If you do what I keep recommending, and step back from the immediate argument to take a new look at it, the important observation takes place:
THIS IS THE ONLY PLACE WHERE THIS DISCUSSION IS GOING ON!
On every one of the hundreds of sites which are dedicated to saving the white race, every discussion is in terms of the PAST. But I am NOT an Only True Way type. I wish there were ten thousand of those sites talking about the white birth rate and assimilation as a threat. I am NOT saying that now that we have found The True Whitaker Way all others should abandon what they are doing and sit at my feet.

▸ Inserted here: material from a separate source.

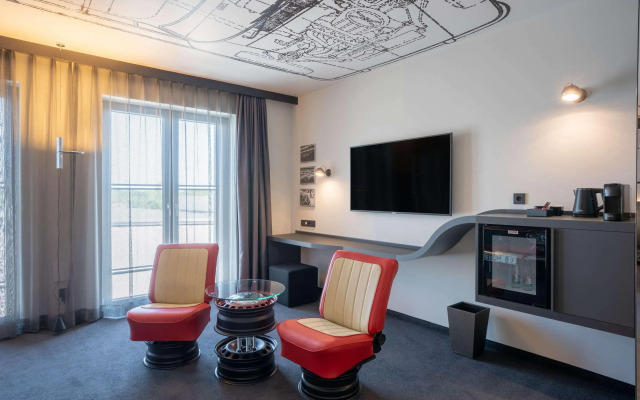 V8 Hotel Köln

We have ADDED a dimension to the discussion. As SysOp and I have discussed in terms of evolution, we can add dimensions to our discussion precisely because we DO NOT agree on the facts. This leads to a more important general point: To any society but ours, this is an absolutely ALIEN concept.

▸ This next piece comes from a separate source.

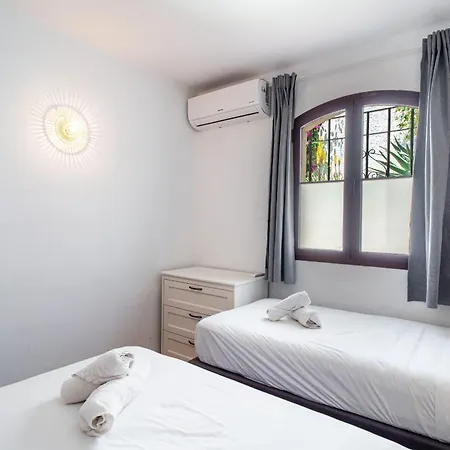 Hibiscos 72 Deluxe By Casasol Apartman Nerja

Only whites developed the concept of The Moot. The whole idea of a seminar is becoming alien to OUR society. In every other society, the Disciples ask questions and The Master comes up with The Answer.
I’m fat, but I ain’t Buddha.
So Scimitar brings up Vermont and Al Parker brings up posterity and I give AN answer. That’s what I’m here for. But our uniqueness, if I succeed, is that you begin to realize how UNIQIUE we need to be in a world of Only True Faiths, established religions and professor-priesthoods.
This also means I want more EXTENSIONS of our way of thought. That is HARD work. It is a lot easier to talk about what is on other web sites. People were discussing gravity long before Newton came along.